Un lugar muy peculiar
Alfonso Sánchez Ortega
Una
vez llegado al destino de su caída, en el suelo de aquella sala del Consejo, las
imágenes ante sus ojos se desvanecieron, como si el habitual y ya familiar velo
de nevada y tupida seda, se hiciese una vez más, claramente visible ante sus
ojos, atrapando todo lo habido entre las aquellas paredes de todo el edificio,
cayendo lentamente sobre los perfiles y matices de todo lo que había ante sus
ojos, hasta que el halo blanco y neblinoso le fue apagando aquella visión
haciéndole perder la consciencia de sí mismo.
Era
el mismo velo que tantas veces había visto caer por todos los rincones de
aquella empresa, atrapando personas, situaciones, miserias, dejaciones, salarios
e imprudencias, congelando de paso los nuevos planes y las nuevas ilusiones,
convirtiendo todos los días en iguales, durante los ya un puñado de años de ser
empleado y estar atrapado allí adentro. Con un trabajo odiosamente idéntico
cada día, cada mes y cada año. Sin ninguna novedad que hiciera renovar las
ilusiones de tener que esforzarse y encontrar nuevas soluciones para los nuevos
problemas, que realmente siempre eran los mismos.
Cada
día, lo que sucedía era exactamente lo mismo. Las contrariedades las mismas,
los remedios —más
que soluciones—,
también. Odiosamente unas y otras cosas, torpes y lentas, siempre lo mismo y el
negocio de aquel colectivo, único y también siempre el mismo.
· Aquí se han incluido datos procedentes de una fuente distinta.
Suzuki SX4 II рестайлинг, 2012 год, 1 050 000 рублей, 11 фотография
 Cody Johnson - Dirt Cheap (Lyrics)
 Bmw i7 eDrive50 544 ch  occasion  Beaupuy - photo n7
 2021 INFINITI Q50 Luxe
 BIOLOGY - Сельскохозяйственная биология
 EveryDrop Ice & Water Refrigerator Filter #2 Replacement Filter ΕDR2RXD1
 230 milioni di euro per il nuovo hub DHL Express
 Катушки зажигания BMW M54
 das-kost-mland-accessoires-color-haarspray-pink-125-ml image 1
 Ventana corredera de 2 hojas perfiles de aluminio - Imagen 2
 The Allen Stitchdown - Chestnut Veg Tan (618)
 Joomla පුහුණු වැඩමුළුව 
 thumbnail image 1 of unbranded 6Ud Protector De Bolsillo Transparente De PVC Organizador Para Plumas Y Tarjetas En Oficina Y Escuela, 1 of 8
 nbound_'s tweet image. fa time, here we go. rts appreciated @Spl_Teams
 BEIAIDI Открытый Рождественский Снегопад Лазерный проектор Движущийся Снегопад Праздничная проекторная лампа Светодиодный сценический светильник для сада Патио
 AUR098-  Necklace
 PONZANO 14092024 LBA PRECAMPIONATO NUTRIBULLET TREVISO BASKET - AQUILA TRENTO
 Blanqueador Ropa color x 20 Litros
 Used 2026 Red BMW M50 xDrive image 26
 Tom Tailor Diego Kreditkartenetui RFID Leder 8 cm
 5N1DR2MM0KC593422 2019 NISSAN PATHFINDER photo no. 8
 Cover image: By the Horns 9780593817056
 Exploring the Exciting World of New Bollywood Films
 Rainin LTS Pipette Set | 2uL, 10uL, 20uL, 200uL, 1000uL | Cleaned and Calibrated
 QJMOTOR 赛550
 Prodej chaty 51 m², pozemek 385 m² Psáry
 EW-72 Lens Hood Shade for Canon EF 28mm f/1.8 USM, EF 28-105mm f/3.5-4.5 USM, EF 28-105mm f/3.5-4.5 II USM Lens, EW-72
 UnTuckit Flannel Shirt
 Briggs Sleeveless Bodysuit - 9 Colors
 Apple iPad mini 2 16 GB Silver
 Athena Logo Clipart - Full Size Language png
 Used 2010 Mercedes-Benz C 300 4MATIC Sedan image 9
Teniendo que
soportar sin tregua, aquella habilidad seguramente programada de permanecer
siempre atentos a las miradas de los cómplices de Agapito, que por no tener
nada mejor que hacer o sencillamente no saber hacer otra cosa, apagaban
cualquier retazo de creatividad, de ingenio, de brillantez, de buenas ideas, de
ganas de hacer algo nuevo, de destacar quizá por un esmerado buen hacer, ahogando
los destellos incipientes, con sus meteduras de narices en los caldos que no
eran de su cuidado, para volver a sumir toda aquella actividad bajo el
aplastante rodillo de dejadez y parsimonia, que apagaban cualesquiera
incipientes nuevas ilusiones. Parecía como si todo aquel puñado de gente, los
incondicionales, todos al unísono, fueran diciéndose entre ellos «… hay que
frenar y aplastar cualquier actitud que se salga de lo habitual, no vaya a ser
que quedemos en evidencia y se cuestione nuestra estupidez».
Acostumbrado
Santiago durante toda una vida al entorno multinacional, donde el trabajo de
cada día parecía diferente y se fomentaban los valores generados por las nuevas
ideas y se impulsaba sin resquicio la creatividad, era difícil adaptarse a
contemplar aquella casera empresa, hecha con manifiesta improvisación según lo
requería el momento, solamente por estar cerca de Ramón y así solamente dejar
de vernos sólo de vez en cuando y no como antes largas temporadas, mientras que
por otro lado, le permitía a Santiago echarle una mano de amigo, haber
renunciado a todo aquello, donde podías preguntar cualquier duda y siempre
encontrabas a alguien a mano, que animadamente y sin pedir nada a cambio, te la
resolvía. Aquí no. Lo descubrí a los cuatro días. Las dudas te las resuelves
tú, como tu propia mente te dé a entender, porque eso de preguntar por
alrededor, no era una tarea nada fácil. Y encima Agapito y sus mariachis, ante
los cuales tenías que dar cuenta de que cómo era posible tener una duda… te
daban siempre su particular visión de las cosas “hazlo así mismo hombre… ¡qué
más da!” Y ese era su mágico remedio para todo.